Gli incontri permettono inoltre al Consiglio federale di conoscere personalmente i propri interlocutori. E la cordialità dei rapporti, si dice, facilita le relazioni bilaterali. Non è dunque un caso che solo dal 1985 ci sia almeno una visita di Stato l’anno. Ultimamente addirittura due.

swissinfo, Daniele Papacella

L’Archivio federale ha dedicato una pubblicazione alle visite di Stato con una serie di approfondimenti e dozzine di episodi e ricordi: «Helvetia hält Hof – Helvetia tient sa cour», Berna 2002.

Nel 1910 la Svizzera ha accolto il primo capo di stato in visita ufficiale: l’allora presidente francese Armand Fallières. Da lì in poi si sono succeduti 50 illustri ospiti in rappresentanza di altri Stati.

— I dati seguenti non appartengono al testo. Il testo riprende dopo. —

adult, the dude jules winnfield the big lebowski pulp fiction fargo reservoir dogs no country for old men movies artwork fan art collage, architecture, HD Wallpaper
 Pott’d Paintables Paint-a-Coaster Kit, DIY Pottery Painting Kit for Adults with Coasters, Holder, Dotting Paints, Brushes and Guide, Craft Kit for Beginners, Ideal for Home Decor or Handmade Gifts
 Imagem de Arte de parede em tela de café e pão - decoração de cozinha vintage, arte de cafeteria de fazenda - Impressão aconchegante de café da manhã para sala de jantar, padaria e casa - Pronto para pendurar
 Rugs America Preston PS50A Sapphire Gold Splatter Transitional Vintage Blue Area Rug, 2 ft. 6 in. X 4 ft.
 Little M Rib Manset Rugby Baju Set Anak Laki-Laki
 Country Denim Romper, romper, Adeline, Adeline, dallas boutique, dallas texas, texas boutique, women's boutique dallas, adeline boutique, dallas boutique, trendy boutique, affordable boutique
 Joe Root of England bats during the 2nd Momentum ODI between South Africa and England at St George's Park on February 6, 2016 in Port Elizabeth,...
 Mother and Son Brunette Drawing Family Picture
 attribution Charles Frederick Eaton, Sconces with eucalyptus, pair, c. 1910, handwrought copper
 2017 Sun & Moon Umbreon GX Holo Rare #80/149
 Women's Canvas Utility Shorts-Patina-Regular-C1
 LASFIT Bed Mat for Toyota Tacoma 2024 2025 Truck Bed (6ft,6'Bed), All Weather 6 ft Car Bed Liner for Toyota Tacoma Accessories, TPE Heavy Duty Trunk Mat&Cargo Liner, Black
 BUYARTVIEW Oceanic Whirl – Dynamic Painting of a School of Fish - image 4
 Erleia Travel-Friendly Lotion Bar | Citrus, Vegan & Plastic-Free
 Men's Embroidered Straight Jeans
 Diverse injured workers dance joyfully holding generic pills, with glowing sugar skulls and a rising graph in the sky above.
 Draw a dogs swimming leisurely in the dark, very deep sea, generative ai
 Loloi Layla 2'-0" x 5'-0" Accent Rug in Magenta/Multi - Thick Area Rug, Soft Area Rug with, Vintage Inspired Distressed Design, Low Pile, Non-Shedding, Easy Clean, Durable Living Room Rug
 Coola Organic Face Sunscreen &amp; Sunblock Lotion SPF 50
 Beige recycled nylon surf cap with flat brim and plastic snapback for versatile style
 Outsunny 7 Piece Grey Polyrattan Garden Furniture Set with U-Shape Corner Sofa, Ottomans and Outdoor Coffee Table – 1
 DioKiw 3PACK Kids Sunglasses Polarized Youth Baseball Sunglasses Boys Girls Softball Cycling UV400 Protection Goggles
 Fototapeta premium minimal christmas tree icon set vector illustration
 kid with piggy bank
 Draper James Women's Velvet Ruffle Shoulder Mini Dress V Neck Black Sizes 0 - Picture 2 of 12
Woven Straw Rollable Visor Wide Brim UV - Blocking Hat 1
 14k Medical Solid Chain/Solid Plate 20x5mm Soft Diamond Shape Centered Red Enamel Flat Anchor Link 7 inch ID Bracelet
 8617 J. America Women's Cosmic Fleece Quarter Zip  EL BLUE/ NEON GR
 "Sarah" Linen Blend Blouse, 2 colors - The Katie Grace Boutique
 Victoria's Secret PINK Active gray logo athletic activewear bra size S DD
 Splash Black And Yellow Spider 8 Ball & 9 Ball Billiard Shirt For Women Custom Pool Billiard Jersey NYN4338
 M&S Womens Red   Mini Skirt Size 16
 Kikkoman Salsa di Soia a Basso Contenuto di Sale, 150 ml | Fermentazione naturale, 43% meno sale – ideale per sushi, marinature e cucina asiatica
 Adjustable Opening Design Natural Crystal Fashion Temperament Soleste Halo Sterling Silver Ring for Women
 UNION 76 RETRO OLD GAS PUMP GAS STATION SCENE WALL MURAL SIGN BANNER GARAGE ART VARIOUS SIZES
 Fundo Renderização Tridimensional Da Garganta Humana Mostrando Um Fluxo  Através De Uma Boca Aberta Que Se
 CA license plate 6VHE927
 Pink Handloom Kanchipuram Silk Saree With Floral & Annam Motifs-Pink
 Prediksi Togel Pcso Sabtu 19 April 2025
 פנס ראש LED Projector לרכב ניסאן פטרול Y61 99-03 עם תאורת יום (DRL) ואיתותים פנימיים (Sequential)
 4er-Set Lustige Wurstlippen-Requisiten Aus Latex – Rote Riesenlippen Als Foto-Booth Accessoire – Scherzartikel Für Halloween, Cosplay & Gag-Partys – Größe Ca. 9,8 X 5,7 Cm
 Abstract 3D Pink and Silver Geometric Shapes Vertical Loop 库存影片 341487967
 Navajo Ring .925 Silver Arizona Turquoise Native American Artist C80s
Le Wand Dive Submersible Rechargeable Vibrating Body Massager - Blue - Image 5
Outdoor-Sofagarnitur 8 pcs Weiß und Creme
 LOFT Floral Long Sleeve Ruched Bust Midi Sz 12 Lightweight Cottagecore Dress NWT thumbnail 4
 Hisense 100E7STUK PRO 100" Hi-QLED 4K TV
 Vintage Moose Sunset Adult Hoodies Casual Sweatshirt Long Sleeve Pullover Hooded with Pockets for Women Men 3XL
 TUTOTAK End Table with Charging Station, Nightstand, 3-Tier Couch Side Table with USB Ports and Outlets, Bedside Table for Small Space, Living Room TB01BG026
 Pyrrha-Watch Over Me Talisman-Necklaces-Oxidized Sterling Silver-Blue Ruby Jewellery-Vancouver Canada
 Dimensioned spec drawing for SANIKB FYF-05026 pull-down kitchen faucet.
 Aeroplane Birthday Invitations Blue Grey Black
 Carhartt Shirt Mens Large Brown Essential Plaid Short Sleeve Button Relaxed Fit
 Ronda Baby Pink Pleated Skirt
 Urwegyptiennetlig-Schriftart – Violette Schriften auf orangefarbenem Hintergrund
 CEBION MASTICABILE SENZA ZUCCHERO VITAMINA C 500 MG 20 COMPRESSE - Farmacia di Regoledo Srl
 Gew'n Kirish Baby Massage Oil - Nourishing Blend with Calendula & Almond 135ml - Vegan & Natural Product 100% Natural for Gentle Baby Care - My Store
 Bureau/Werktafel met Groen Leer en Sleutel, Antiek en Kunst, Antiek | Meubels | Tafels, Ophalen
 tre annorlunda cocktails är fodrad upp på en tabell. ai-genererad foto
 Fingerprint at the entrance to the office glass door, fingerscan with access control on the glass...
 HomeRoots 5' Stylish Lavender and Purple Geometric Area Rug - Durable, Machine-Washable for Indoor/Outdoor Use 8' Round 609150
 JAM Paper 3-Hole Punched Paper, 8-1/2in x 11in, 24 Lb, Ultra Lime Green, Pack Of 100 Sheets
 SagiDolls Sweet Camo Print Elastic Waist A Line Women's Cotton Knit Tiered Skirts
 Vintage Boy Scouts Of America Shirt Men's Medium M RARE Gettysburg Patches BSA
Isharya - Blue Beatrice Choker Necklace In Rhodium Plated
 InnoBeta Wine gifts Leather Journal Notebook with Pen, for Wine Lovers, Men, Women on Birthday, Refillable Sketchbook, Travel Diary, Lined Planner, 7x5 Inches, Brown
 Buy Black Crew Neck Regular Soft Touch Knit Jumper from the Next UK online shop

Ma non ogni visita ufficiale è una visita di Stato. Un primo ministro o un principe ereditario, pur essendo rappresentanti ufficiali di una nazione, non sono capi di Stato e dunque degni dei massimi onori.

Negli altri paesi, il presidente o il monarca rappresenta lo Stato. Ma non in Svizzera. Il Presidente della Confederazione è solamente un «primus inter pares». A rappresentare il paese ci deve essere il governo in corpore.

I più affezionati sono i presidenti delle repubbliche confinanti direttamente con la Svizzera.
Fra i monarchi europei si contano la britannica Elisabetta II (1980), il belga Baldovino I (1989) o, in tempi lontani, Guglielmo II imperatore di Germania (1912).
Da altri continenti sono arrivati anche regnanti di dinastie tramontate, come lo scià di Persia Reza Phalevi (1948) o l’imperatore etiope Haile Selassie (1954).